L’Association Yamarou Photo a officiellement annoncé, ce jeudi 15 janvier, la tenue prochaine de la 1ʳᵉ édition du Prix Ibibi, dédié à la promotion de la photographie africaine. En lice, 10 œuvres provenant de 7 pays africains.
Bamako accueillera, à partir du 10 février pour un mois, une série d’activités culturelles et artistiques destinées à célébrer la photographie africaine tout en distinguant des œuvres et des talents du continent. À travers cet événement, Yamarou Photo entend créer un espace durable de reconnaissance, de formation et de professionnalisation pour les photographes africains. Une centaine d’œuvres photographiques ont été recensées suite à un appel à candidatures.
Parmi lesquelles, 10 œuvres ont été retenues par un jury composé de plusieurs nationalités africaines et européennes pour décrocher les prix en compétition qui seront décernés pendant la semaine professionnelle, du 10 au 15 février 2026.
Ces prix sont en l’occurrence le prix Ibibi qui récompensera le meilleur projet photographique d’un artiste vivant sur le continent africain ; le prix Naomie Steuer, dédié à une femme photographe émergente africaine, en hommage à l’ancienne directrice de la Fondation Oumou Dilly ainsi que le prix du livre photo, décerné à un ouvrage photographique africain édité par un éditeur du continent.
« Malheureusement, nous n’avons enregistré qu’une seule œuvre au compte du prix du livre. Ceci démontre qu’il y a un travail à faire dans ce domaine », a indiqué Bintou Alexandra DIARRA, se réjouissant par ailleurs que les nominés à cette initiative proviennent de 7 pays, à savoir : le Bénin, le Cameroun, le Congo, le Togo, le Sénégal, le Mali et la Guinée Conakry.
Outre les distinctions, les lauréats bénéficieront d’une période de coaching de près d’une année et des opportunités leur seront offertes afin qu’ils exposent dans les rencontres de photographie au Mali ou d’autres pays africains et ailleurs.

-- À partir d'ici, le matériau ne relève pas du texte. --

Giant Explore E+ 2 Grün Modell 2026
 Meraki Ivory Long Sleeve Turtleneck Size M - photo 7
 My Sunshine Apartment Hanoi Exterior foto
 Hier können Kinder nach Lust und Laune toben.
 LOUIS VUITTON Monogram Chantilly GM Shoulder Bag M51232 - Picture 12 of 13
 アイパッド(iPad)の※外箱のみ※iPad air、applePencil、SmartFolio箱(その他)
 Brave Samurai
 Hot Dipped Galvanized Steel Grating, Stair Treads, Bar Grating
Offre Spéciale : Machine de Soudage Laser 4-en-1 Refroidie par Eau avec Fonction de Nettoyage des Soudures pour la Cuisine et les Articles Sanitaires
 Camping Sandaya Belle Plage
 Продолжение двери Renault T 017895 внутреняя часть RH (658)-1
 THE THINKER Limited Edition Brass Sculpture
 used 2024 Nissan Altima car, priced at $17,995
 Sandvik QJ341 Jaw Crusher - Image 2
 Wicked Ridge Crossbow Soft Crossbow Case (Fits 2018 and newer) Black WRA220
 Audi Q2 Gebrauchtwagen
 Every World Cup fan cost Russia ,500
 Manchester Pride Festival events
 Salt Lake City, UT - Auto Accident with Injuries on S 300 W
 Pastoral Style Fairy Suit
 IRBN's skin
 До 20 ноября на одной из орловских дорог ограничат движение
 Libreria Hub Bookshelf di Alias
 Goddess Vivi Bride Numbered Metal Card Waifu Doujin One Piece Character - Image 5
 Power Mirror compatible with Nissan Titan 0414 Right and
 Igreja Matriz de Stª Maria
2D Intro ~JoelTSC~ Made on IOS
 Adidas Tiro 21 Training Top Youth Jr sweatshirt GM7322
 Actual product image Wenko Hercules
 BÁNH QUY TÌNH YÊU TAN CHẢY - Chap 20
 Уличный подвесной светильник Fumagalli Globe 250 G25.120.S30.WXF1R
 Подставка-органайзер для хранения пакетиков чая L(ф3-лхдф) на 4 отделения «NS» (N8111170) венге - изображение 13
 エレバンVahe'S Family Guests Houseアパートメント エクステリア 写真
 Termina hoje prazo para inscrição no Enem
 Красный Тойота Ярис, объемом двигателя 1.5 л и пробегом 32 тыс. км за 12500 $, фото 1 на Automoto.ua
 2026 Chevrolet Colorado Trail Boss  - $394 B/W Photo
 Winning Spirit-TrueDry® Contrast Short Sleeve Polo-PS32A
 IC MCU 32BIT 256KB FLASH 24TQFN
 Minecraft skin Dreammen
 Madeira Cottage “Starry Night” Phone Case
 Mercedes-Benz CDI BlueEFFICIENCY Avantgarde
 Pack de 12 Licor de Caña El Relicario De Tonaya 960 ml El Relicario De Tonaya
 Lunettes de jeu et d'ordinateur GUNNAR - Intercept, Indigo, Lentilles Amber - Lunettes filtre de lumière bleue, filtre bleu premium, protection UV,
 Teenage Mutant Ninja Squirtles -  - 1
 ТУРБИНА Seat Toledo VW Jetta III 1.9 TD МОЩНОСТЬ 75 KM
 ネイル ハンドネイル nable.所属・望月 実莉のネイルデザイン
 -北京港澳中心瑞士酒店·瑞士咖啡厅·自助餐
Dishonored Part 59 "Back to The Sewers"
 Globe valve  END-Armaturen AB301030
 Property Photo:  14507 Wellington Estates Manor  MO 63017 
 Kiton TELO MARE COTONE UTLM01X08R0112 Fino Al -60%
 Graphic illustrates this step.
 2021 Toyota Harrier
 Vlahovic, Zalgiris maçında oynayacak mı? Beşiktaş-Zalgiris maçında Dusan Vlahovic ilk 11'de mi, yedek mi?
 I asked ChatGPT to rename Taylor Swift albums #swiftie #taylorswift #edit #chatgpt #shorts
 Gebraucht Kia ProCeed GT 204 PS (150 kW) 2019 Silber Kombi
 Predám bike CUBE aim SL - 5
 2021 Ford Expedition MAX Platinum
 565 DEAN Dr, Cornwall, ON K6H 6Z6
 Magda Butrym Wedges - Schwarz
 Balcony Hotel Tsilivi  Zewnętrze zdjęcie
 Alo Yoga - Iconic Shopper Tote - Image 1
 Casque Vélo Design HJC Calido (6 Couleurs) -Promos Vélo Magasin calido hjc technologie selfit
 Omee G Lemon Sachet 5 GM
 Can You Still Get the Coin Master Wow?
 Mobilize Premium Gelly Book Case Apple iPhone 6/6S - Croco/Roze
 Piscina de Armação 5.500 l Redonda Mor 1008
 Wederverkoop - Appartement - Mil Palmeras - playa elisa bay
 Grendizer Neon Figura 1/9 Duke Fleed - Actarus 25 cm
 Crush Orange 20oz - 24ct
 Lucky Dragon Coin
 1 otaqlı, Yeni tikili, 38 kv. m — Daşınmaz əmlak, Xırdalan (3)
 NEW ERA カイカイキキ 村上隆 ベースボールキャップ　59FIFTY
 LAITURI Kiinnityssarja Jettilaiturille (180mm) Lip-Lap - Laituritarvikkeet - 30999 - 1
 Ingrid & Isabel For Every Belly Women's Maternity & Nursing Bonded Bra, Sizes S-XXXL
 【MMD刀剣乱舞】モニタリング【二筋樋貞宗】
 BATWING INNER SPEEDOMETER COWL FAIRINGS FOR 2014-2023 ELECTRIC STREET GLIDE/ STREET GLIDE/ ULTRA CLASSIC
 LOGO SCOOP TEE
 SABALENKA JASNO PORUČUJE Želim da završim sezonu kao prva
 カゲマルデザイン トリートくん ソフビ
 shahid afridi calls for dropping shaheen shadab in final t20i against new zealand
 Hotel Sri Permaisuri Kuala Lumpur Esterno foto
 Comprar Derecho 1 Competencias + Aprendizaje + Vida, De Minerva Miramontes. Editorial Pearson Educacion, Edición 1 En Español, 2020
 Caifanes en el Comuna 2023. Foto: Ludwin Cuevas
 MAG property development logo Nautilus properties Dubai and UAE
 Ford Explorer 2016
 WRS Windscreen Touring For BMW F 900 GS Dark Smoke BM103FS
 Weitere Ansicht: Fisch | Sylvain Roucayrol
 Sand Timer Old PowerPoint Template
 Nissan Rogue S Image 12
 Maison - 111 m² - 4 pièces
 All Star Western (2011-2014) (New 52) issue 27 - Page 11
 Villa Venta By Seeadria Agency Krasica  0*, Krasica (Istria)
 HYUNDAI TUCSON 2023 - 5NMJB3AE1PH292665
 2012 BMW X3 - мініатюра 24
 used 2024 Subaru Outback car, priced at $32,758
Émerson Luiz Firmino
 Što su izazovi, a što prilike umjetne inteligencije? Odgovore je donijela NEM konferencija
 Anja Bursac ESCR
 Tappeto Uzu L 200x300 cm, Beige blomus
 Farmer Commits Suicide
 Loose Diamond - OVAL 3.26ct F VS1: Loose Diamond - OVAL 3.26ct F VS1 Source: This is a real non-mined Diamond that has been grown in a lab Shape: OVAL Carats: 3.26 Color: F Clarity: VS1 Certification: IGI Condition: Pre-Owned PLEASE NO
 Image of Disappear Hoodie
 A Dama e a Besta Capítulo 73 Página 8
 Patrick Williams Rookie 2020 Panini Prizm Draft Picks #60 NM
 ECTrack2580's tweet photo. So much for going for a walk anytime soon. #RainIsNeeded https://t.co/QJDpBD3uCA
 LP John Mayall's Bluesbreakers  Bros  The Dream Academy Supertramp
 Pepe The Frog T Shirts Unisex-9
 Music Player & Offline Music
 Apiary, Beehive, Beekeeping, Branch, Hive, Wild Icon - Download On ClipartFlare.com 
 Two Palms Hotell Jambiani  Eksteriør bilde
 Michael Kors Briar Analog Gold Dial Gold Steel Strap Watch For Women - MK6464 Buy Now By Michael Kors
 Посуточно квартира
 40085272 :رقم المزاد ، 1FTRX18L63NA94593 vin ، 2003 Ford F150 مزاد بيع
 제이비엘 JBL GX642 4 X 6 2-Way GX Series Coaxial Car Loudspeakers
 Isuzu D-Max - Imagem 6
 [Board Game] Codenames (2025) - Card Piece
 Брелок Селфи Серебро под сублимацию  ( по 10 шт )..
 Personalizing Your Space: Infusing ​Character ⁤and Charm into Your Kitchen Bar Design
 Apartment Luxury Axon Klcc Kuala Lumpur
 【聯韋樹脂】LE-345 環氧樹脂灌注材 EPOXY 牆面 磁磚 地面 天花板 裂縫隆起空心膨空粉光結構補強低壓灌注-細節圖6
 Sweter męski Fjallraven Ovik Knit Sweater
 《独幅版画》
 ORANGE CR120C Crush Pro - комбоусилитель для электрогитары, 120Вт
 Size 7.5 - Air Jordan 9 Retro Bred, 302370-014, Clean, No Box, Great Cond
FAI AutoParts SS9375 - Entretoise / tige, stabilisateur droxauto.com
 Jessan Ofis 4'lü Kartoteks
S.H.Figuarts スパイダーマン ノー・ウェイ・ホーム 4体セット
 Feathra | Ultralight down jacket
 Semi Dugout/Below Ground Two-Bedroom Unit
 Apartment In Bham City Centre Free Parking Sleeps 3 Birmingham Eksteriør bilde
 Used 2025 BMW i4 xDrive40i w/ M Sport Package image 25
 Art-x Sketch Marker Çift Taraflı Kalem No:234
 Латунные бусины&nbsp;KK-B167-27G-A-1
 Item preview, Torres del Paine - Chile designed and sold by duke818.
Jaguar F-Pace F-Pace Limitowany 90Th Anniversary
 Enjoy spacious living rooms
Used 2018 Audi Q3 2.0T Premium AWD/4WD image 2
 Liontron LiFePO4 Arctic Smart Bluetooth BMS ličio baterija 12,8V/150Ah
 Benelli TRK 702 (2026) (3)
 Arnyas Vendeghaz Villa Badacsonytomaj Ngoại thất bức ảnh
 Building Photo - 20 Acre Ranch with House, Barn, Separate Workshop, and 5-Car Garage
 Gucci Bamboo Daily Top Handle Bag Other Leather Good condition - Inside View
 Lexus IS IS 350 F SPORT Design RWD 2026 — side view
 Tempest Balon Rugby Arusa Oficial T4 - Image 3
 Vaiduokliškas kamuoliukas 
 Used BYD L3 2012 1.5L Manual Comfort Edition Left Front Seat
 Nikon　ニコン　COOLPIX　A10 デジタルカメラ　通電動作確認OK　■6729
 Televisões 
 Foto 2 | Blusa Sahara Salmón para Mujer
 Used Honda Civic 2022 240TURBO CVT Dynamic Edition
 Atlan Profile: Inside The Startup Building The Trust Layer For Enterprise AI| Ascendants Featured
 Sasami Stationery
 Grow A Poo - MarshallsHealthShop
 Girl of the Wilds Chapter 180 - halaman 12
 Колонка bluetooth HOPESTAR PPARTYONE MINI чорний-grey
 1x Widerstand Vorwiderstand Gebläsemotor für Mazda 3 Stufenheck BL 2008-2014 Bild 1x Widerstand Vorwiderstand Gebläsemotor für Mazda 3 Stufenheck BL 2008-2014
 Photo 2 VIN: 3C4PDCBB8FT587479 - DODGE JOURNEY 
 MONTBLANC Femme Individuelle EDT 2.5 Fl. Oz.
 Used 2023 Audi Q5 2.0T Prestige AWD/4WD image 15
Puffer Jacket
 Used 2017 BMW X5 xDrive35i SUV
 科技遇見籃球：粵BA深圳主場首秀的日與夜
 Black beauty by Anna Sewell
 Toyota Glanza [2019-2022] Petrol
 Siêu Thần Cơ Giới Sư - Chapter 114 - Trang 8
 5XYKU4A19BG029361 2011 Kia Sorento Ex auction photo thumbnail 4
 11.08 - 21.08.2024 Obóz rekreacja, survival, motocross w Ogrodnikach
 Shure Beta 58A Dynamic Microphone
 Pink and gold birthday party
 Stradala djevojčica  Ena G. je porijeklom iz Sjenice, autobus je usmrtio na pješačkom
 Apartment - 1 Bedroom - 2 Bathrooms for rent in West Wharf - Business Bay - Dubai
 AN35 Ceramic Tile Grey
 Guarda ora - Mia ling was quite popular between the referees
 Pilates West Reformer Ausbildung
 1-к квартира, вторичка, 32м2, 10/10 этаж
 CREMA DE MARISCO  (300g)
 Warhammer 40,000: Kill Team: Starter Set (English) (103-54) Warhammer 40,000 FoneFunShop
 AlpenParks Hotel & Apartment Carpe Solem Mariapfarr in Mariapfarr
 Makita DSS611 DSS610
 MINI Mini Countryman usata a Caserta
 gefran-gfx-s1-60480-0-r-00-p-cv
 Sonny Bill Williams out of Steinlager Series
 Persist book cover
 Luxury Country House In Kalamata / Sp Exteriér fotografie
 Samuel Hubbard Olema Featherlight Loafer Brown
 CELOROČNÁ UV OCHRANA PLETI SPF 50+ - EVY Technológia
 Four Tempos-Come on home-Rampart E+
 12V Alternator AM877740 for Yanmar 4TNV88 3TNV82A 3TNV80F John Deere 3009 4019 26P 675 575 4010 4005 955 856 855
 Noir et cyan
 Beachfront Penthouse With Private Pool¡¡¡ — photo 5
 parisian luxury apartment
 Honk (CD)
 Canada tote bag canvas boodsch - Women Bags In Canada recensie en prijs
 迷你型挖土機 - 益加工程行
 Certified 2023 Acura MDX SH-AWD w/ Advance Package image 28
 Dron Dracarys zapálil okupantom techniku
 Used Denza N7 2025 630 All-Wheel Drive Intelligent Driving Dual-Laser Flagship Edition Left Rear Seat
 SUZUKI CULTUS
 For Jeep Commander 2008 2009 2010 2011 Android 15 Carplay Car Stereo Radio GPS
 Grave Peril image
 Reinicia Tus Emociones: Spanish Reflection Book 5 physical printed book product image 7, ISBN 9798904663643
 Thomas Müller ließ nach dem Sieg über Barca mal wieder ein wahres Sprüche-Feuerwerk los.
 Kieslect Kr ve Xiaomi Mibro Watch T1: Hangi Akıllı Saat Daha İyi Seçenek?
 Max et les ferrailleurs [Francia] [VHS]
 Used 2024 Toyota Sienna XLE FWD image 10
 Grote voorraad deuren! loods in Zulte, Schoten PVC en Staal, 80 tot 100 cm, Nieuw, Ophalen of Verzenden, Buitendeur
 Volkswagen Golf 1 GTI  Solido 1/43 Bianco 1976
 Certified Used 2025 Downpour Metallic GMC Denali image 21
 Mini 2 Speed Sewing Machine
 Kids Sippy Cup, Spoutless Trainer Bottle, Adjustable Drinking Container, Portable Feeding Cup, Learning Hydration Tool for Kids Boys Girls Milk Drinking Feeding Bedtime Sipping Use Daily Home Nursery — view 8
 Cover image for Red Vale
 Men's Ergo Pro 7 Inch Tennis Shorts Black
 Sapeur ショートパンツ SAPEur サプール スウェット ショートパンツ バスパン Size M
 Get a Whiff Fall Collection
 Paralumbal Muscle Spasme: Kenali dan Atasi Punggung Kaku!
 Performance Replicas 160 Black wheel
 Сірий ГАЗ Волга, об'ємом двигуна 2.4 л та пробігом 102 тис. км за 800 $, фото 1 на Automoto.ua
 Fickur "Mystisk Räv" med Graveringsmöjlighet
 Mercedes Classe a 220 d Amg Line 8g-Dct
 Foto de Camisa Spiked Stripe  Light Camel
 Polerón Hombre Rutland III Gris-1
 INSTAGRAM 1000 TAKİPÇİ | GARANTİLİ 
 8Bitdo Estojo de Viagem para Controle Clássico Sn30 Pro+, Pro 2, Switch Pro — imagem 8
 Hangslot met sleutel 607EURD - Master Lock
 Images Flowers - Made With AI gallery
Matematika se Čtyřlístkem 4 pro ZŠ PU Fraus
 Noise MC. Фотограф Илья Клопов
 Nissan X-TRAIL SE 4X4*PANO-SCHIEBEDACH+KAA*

Pour le directeur artistique, Seydou CAMARA, ce projet soutenu par Stichting DOEN et la Fondation Oumou Dilly vient en renfort à d’autres initiatives de la photographie pour combler le vide de l’inter-biennale des Rencontres de Bamako.
« Nous voulons, après les rencontres de photographie qui se déroulent tous les deux ans à Bamako, tenir aussi le programme du prix Ibibi. Il sera aussi biennal. Par cette initiative, nous accompagnons et dynamisons les rencontres de Bamako. La finalité est que Bamako demeure la capitale de la photographie africaine », a précisé M. CAMARA.
Son ambition : faire de cette rencontre un rendez-vous majeur de la photographie en Afrique et bien au-delà en mettant en lumière et en accompagnant les talents.
En plus des distinctions, il est prévu une série d’activités comprenant conférences, formations thématiques et expositions destinées à démocratiser la photographie et à sensibiliser les populations aux enjeux sociaux, culturels et citoyens.